The new Milky Way portrait image captures more than 3 billion stars

How many stars can you count when you look up at Clear night sky? Not nearly as good as Chile’s Dark Energy Camera. Scientists have released a survey of a part of our galaxy, the Milky Way, which contains 3.32 billion celestial bodies, including billions of stars.

The National Science Foundation’s National Research Laboratory for Optical and Infrared Astronomy (NOIRLab) is working on DECam as part of an observatory project in Chile. The new astronomical data set is the second version of the Dark Energy Camera Plane Survey (DECaPS2). NOIRLab called it “It is arguably the largest catalog compiled to date,” said a statement released on Wednesday.

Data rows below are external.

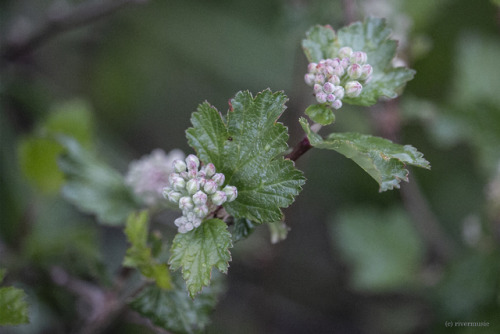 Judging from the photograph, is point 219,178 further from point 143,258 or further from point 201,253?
point 143,258

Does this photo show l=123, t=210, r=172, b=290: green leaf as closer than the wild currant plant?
No

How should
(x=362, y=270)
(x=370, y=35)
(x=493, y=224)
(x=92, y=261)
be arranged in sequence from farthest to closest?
(x=362, y=270) < (x=493, y=224) < (x=92, y=261) < (x=370, y=35)

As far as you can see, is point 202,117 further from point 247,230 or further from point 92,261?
point 92,261

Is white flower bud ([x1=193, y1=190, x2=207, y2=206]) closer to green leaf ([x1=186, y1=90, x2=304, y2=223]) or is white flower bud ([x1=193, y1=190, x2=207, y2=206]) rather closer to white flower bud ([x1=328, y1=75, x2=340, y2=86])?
green leaf ([x1=186, y1=90, x2=304, y2=223])

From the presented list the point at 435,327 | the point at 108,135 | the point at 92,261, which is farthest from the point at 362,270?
the point at 108,135

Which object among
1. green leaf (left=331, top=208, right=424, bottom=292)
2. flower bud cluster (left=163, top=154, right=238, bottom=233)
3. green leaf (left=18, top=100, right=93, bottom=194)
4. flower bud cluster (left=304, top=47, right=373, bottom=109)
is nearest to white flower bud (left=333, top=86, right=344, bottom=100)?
flower bud cluster (left=304, top=47, right=373, bottom=109)

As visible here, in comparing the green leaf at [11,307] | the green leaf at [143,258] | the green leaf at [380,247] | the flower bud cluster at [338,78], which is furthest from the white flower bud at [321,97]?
the green leaf at [380,247] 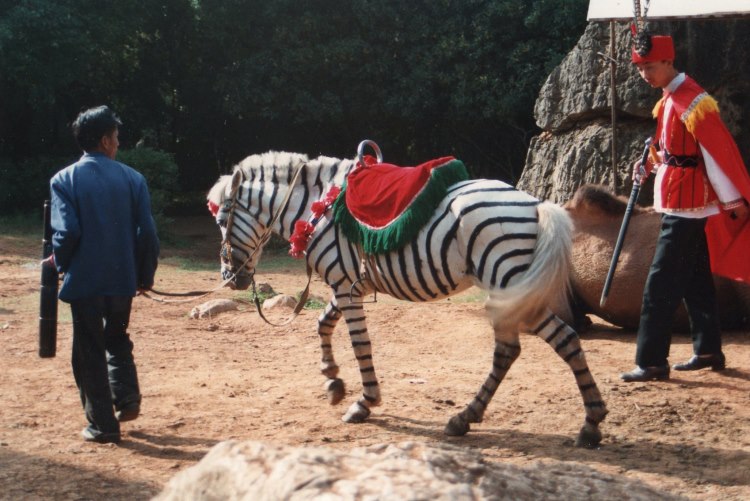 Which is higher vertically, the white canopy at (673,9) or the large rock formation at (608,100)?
the white canopy at (673,9)

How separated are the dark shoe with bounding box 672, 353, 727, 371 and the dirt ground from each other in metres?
0.07

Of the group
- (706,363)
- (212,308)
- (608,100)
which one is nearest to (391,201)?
(706,363)

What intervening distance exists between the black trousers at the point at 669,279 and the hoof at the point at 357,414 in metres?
1.93

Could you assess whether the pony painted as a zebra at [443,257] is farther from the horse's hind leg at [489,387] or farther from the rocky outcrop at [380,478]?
the rocky outcrop at [380,478]

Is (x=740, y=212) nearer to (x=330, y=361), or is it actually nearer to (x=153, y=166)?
(x=330, y=361)

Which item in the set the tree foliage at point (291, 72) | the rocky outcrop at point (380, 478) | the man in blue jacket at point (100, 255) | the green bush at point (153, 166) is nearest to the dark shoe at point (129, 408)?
the man in blue jacket at point (100, 255)

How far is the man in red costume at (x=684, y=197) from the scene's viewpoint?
5.73 metres

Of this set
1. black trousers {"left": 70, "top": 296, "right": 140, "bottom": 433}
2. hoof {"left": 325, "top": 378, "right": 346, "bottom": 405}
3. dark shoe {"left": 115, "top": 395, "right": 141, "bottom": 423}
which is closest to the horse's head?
hoof {"left": 325, "top": 378, "right": 346, "bottom": 405}

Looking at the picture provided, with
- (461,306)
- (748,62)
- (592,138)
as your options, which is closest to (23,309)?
(461,306)

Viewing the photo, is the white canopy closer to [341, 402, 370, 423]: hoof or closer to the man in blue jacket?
[341, 402, 370, 423]: hoof

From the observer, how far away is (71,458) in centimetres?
502

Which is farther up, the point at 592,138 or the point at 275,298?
the point at 592,138

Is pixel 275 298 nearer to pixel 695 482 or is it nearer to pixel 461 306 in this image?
pixel 461 306

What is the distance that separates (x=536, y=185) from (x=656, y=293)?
14.8ft
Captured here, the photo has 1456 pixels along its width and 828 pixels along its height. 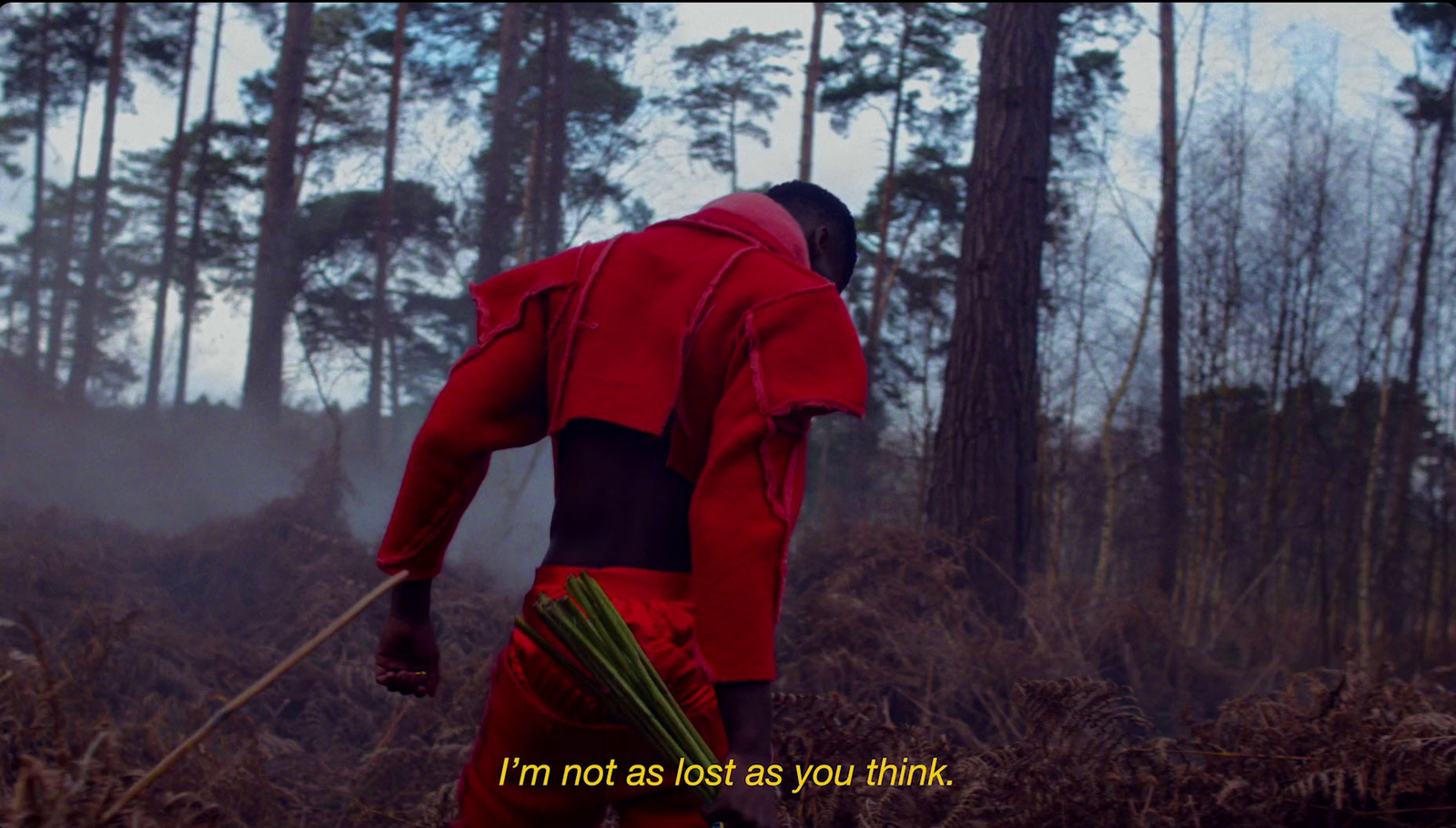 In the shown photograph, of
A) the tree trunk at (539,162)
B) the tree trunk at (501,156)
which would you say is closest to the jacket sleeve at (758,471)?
the tree trunk at (501,156)

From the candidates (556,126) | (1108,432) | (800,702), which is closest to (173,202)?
(556,126)

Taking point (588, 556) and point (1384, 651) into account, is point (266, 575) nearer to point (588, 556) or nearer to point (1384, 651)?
point (588, 556)

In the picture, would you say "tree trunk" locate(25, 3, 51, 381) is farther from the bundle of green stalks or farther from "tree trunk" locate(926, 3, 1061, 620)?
the bundle of green stalks

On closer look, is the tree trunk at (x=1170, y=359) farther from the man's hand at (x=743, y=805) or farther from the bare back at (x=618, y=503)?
the man's hand at (x=743, y=805)

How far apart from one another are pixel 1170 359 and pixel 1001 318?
9307mm

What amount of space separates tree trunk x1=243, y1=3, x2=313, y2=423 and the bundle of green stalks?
13.3m

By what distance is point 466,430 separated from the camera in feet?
6.51

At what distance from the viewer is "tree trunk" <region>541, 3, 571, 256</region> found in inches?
609

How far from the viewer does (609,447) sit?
1.94 meters

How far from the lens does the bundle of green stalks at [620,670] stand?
1696 millimetres

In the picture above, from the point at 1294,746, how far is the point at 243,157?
61.8 ft

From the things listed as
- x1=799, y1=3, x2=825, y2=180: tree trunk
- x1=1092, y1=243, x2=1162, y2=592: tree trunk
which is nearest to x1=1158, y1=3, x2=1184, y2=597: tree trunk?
x1=1092, y1=243, x2=1162, y2=592: tree trunk

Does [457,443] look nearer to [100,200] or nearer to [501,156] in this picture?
[501,156]

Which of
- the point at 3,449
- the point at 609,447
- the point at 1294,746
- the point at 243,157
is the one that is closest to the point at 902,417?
the point at 243,157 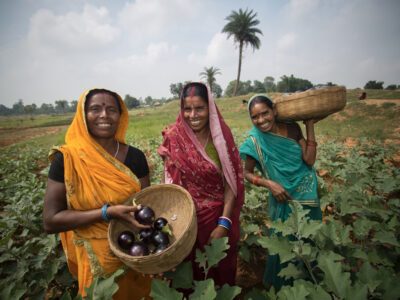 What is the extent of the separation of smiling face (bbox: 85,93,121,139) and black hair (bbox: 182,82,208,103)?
0.70 metres

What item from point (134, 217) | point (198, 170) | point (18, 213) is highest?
point (198, 170)

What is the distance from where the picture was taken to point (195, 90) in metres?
1.89

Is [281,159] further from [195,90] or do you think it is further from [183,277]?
[183,277]

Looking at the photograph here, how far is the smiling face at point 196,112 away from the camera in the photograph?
1.87 m

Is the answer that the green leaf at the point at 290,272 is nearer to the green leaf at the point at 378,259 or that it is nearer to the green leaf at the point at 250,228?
the green leaf at the point at 378,259

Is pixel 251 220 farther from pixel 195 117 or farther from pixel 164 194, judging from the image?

Casual viewers can enjoy NOIRLab A smaller resolution version of the poll Gives a comprehensive overview. For those who like to dive into the details, This web viewer It allows you to dig deeper into the data.

This broad band of the Milky Way contains billions of celestial objects as part of the Dark Energy Camera’s jet survey.

DECaPS2 / DOE / FNAL / DECam / CTIO / NOIRLab / NSF / AURA / M. Woody Martin Language (NSF’s NOIRLab)

The camera used optical and near-infrared wavelengths of light to detect stars, star-forming regions, and clouds of gas and dust. “Imagine a group photo of more than 3 billion people and each individual can be recognised,” said NSF’s Debra Fisher. “Astronomers will look at this detailed picture of more than 3 billion stars in the Milky Way for decades to come.”

The scan looks at the disk of the Milky Way, which appears as a bright band running the length of the image. It is full of stars and dust. There is so much going on that it can be hard to pin down. The stars overlap. Dust hides the stars. It took careful data processing to sort everything out.

“One of the main reasons for the success of DECaPS2 is that we simply pointed to a region with a very high density of stars, and were careful to identify the sources that appear almost on top of each other,” said a Harvard-educated researcher. Andrew Sedgarythe lead author of Paper on the survey published in The Astrophysical Journal this week.

Several billion stars may seem like a bonkers number, but they are just a small drop in the galactic bucket. NASA estimates There are at least 100 billion stars in the Milky Way. The new survey covers only 6.5% of the night sky as seen from the Southern Hemisphere.

DECaPS2 was an epic multi-year project consisting of 21,400 individual exposures and 10 terabytes of data. Description of NOIRLab The survey as an appropriate “giant astronomical data tapestry”. We’ve never seen the Milky Way like this before. He is beautiful and he is humble.